* _DATA SECTION_
--- --- ---
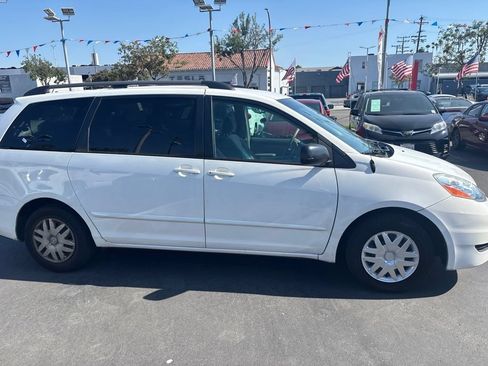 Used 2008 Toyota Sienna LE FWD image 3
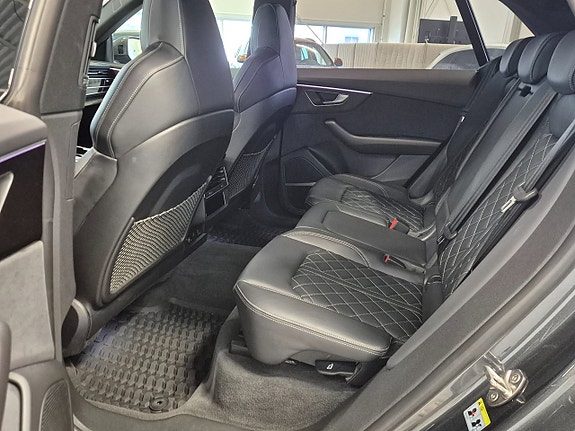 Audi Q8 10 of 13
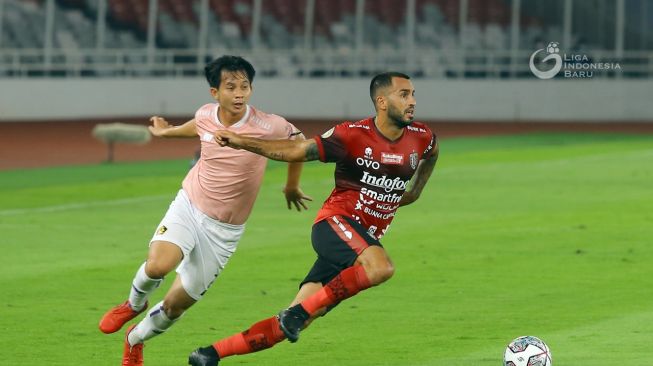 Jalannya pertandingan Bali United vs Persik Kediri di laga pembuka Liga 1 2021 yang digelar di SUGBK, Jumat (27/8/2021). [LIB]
--- --- ---
* _EXERCISE DETAILS_
Return all the data exactly, and keep the pictures out.

* _RESPONSE AREA_
 Used 2008 Toyota Sienna LE FWD image 3
 Audi Q8 10 of 13
 Jalannya pertandingan Bali United vs Persik Kediri di laga pembuka Liga 1 2021 yang digelar di SUGBK, Jumat (27/8/2021). [LIB]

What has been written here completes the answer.